Annotating the maize genome

Volker Brendel, professor of bioinformatics at Iowa State, spoke at the Maize Genetics Conference about the need for a better system of community annotation of the maize genome. The genome of the popular maize inbred line B73 is sequenced, but we don’t actually know what a lot of the code stands for. It’s going to take a lot of collaborative effort to discover and annotate (explain) the function of each gene and to put all of that information in one place so it will be useful.
Volker reminds us that the Arabidopsis 2010 funding is running out, so we need to assess the plant genetics situation. How many genes do we know the function of? There is still much to learn.
Maize is uniquely positioned to replace Arabidopis as a focus for basic plant research due to the many resources that are already established, the most important of which is the extensive maize genetics community (he didn’t say it, but there is another reason why maize is a better choice than Arabidopsis right now – all of our major grains are very closely related, so work on maize applies to rice, wheat, sorghum, and more). The community needs to work together in the annotation process, assigning functions to the genes that have been sequenced, putting the data from a variety of sources together to make a bigger picture. Each researchers has a favorite gene (pathway, organelle, etc) – how can each of the researchers contribute to the annotation process?
PlantGDB is a comparative genomics site funded by NSF has information on 14 species, including maize, which is very useful. However, no matter how clever the computer programs are, the human touch is still needed. Filling in information on any of these species helps us to better understand all of them. On the site, community members can flag genes for which the models don’t seem to fit, and can contribute alternative explanations. The final goal is to have every gene model approved by the relevant community member(s). When a person annotates a gene, the PlantGDB committee reviews it, approves it, and the information is shortly available on the site. Annotating the genes you are working on is your civil duty, something you owe due to public funding you receive.
After Volker’s talk, the attendees discussed what is the public’s role in the attenuation process should be. There are a lot of cases where the the gene model can be checked without any lab work, simply by looking at the sequences. Some members of the community think we should harness the brainpower of thousands of biology undergraduate students by assigning annotations for class. I like the idea of getting students involved, and hope they follow through.Diversity of people to represent the maize genetics community.
A panel discussion followed, where a lot of great new ideas for annotation were brought up (unfortunately I don’t have the names of some of the people that spoke).
One panel member said we need “Zeazomics” – a collection of information including genomics, metabolimics, proteomics, and whatever else we can come up with – to fill in gaps in our knowledge. being able to link all of this information together will lead to stronger explanations of the phenotypes we see. He said this process will not be definitive, it will create a series of hypothesis that will lead to more hypotheses. The hypothesis testing will lead to functional biolgoy, from physiology to biochemistry to cell biology and more. Additional genome sequencing is necessary to capture the entire diversity of maize. Maize is the model for grasses, for crops, for future applications like biofuels. Now is the time to push maize research to a much higher level.
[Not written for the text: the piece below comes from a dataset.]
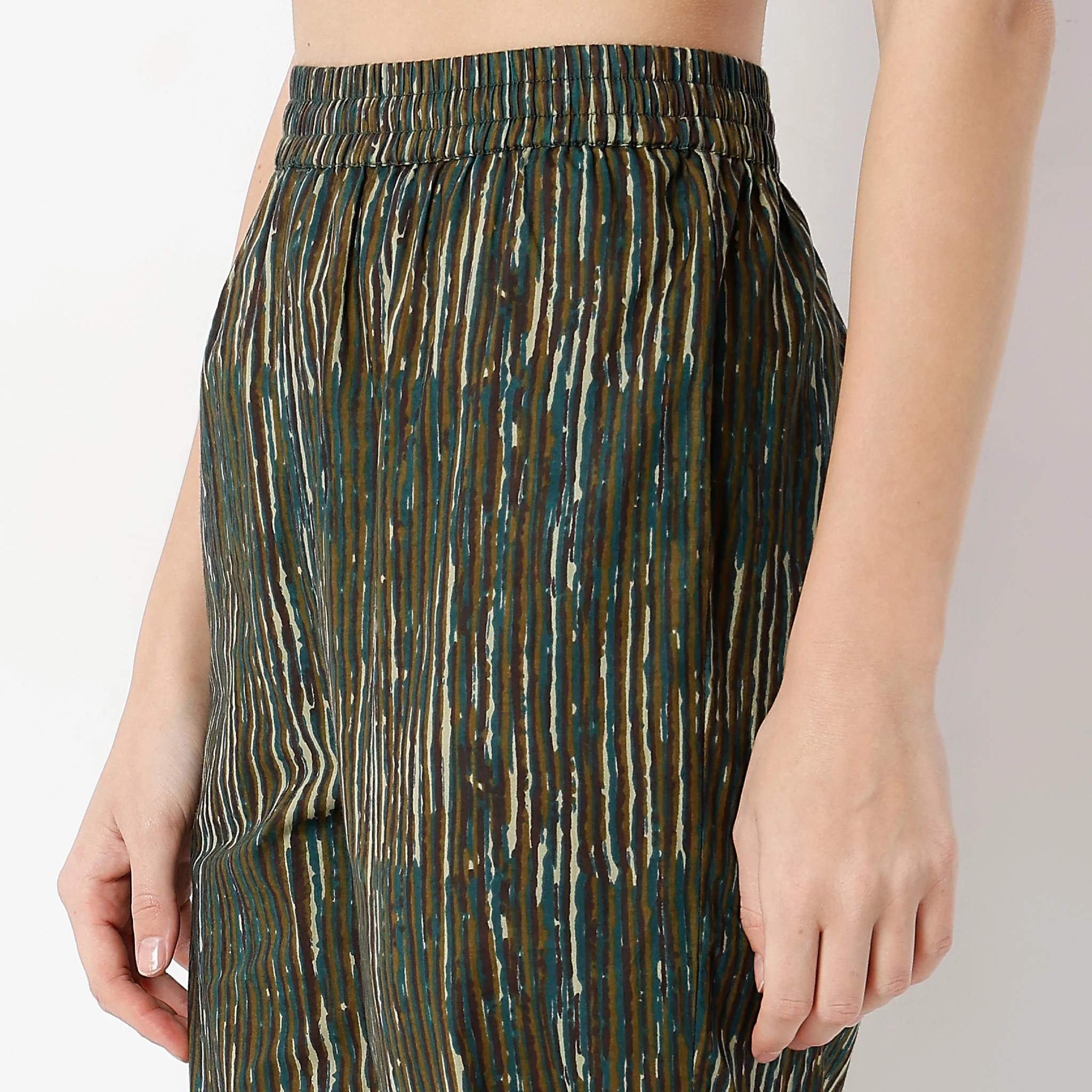 Ankle Length Straight Fit Printed Pants - Image 4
To accomplish all this, we’ll need to take care of a few things, as the other panel members and members of the community brought up:

  • Need to have reciprocal links from genes from MaizeGDB to NCBI Entrez Gene. Currently, about 20,000 NCBI Entrez Genes need links back to MaizeGDB.
  • To help with annotation, Lisa Harper, curator of MaizeGDB, will do a movie that shows the common problems of using the databases, including how the genome changes over time as the contigs are reordered, etc. This is needed because people are often working off of older copies of the information for a given gene, as it might not be updated frequently enough.
  • There is also a need to integrate microarray data into the databases. Particularly complicated are those microarrays that are specific to a particular tissue and/or developmental stage. Volker says that this problem is common and new technologies with new ways to visualize data are necessary.
  • MaizeGDB needs a forum such that people working on the same genes can coordinate their work.
  • iPlant is organizing a workshop in St. Louis in June to help coordinate the various genome annotation groups.
  • There is a plan to create outreach information that any member of the maize community will be able to download and use to communicate the needs and accomplishments to the public and to government officials.